# G K A / G K L



## R651400 (Jun 18, 2005)

New website:- 

http://www.portisheadradio.co.uk/

Have rq'd Larry Bennet for SN link


----------



## hawkey01 (Mar 15, 2006)

Morning Malcolm,

just to add to this - I am sure you have seen the mail from Larry.

There is now a forum for discussion etc regarding Portisheadradio on the web page - open to all.

Neville - Hawkey01


----------



## BobClay (Dec 14, 2007)

I still can't quite get my head around the fact that Portishead is gone !

I've been off the sea since 1986. A few years ago I put a Winradio card in my computer, and decided to tune around and take a few traffic lists (sad isn't it ?).
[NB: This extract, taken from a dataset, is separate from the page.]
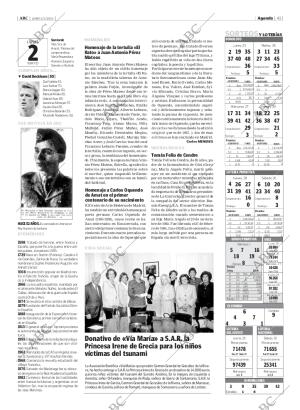 ABC MADRID 02-05-2005 página 41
I was pretty sure I could remember the GKA frequencies, so I tuned along to 8456/12822/17098.4/and I think maybe 22467. These are the numbers I could remember from years of taking lists. I didn't hear a note. So I moved up and down the bands...maybe I'd got them wrong...still nothing.

I was flabbergasted when I was told GKA was gone... history. Bereft of life, shuffled off this mortal coil ... snuffed it.

I just hope out there, tooling along amongst the stars, there's a faint note .... dah dit dit dit dah dah dit dah dit dah dit dah

It's very sad to see the pictures of crumpled buildings on that website.


----------



## sven-olof (Jul 12, 2008)

*no more cost stations*

The same chock for me. During my teenage all up to some 30 years I d listen every night on 2182. "Knew" all the woices and so. Then in late 1980 s came the times to raise my own children, career, marriage. When I some 15 years later decided to put up the antennas in my new house, all the frequencys where empty!

It took me only some minutes at internet to find that they where all closed!
Also all the ships were taken to be breaked up in India.

A real disapointment for me.


----------